Dem Vorsorgeprinzip folgend sollte nach Auffassung des Verbandes Schwer abbaubare, sogenannte persistente Stoffe durch weniger gefährliche Stoffe ersetzt oder in ihrer Einsatzmöglichkeit und -menge eingeschränkt werden. Bei der Konzeptionierung von Vermeidungsstrategien seien auch die Eintragspfade über die Luft und von diffusen Quellen wie der Landwirtschaft zu berücksichtigen. Abwägend müssen daher Maßnahmen zur Verminderung und/oder Vermeidung von Mikroverunreinigungen aus anderen Quellen bewertet und als wirkliche Alternative auch mit anderen Maßnahmenträgern und Verursachern betrachtet und diskutiert werden.
Maßnahmen sollten zunächst im Bereich der Produktverantwortung der Hersteller, insbesondere bei neuen auf den Markt gelangten Stoffen, liegen. Demnach sollten auf Verpackung oder Beipackzettel Informationen zu den Auswirkungen der Wirkstoffe auf Umwelt und Gewässer und zu den daraus folgenden Konsequenzen für die Anwendung des Produktes aufgeführt werden. Zudem sollten verstärkt Rücknahmeverpflichtungen der Hersteller beziehungsweise derjenigen, die das Produkt in den Verkehr bringen, vorgesehen werden. Der Verbraucher sollte als möglicher Mitwirkender bei der Vermeidung von Abfällen angesprochen und aktiv eingebunden werden.
Falls eine Vermeidung an der Quelle nicht möglich ist, gilt es nach den Vorstellungen des VKU, den Verbraucher zu sensibilisieren und ihm die Möglichkeit zu geben, Produkte in Bezug auf ihre Gewässerbelastung zu bewerten beziehungsweise auszuwählen. Dazu sollte für alle Produkte, die Inhaltsstoffe enthalten, die als prioritäre Stoffe gewässerrelevant sind, eine Produktkennzeichnungspflicht eingeführt werden, empfiehlt der Verband.
Der VKU lehnt die flächendeckende Einführung einer vierten Reinigungsstufe für die Abwasserbehandlung in Folge der Verschärfung bestehender Standards ab.
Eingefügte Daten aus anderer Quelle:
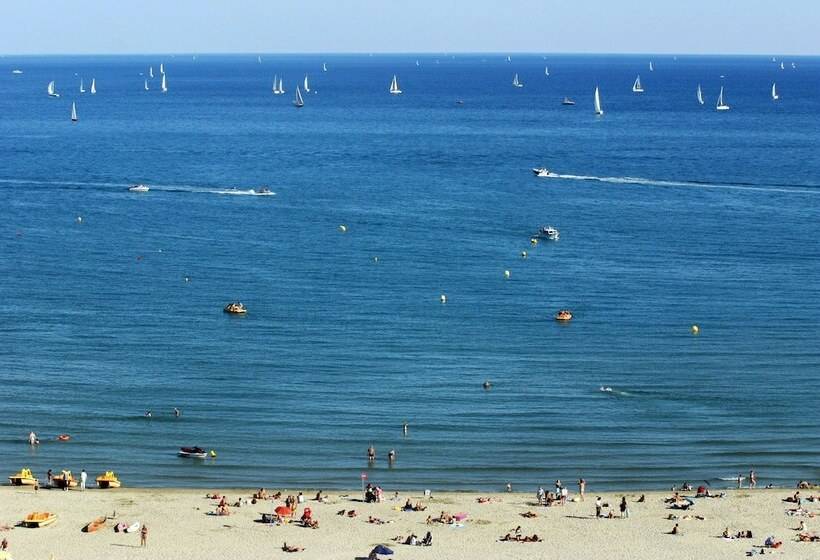 Отель Le Petit Baigneur Palavas Plage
Der Einsatz von weitergehenden Reinigungsmaßnahmen würde die Behandlungs- und Entsorgungskosten erheblich erhöhen, insbesondere durch die erheblichen Aufwendungen für einen erhöhten Energiebedarf und den Betrieb der zusätzlichen Anlagen, heißt es in der Stellungnahme. Lediglich für bestimmte Konstellationen können nach Auffassung des Verbandes weitergehende Maßnahmen in Frage kommen, etwa, wenn Kläranlagenabläufe und Badegewässer sehr nahe beieinander liegen, wenn Kläranlagenabläufe die Qualität von Wassergewinnungsanlagen direkt beeinträchtigen können oder wenn Kläranlagenabläufe in sensiblen Trinkwassereinzugsgebieten versickern.
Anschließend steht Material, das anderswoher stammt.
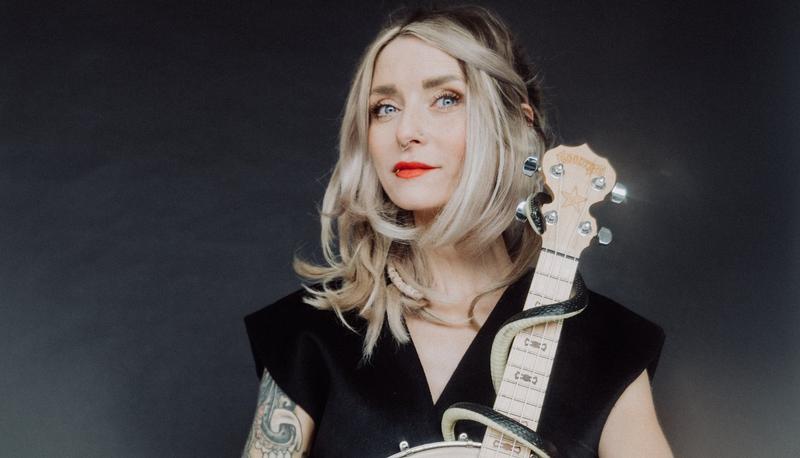 Singer-Songwriterin Sarah Lesch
Die Kosten, die durch erhöhte Anforderungen an die Abwasserbeseitigung verursacht werden, könnten aber nach Auffassung des VKU nicht alleine den Beitrags- und Gebührenzahler zur Last gelegt werden. Vielmehr sollten im Einzelfall aufgrund lokaler Gegebenheiten notwendige Maßnahmen zur weitergehenden Abwasserbehandlung durch finanzielle Anreize gefördert werden. Hierzu kann neben entsprechenden Förderprogrammen von Bund und Ländern grundsätzlich auch die Verrechenbarkeit der Maßnahmenkosten mit der aus der Abwasserabgabe resultierenden Zahllast in Erwägung gezogen werden.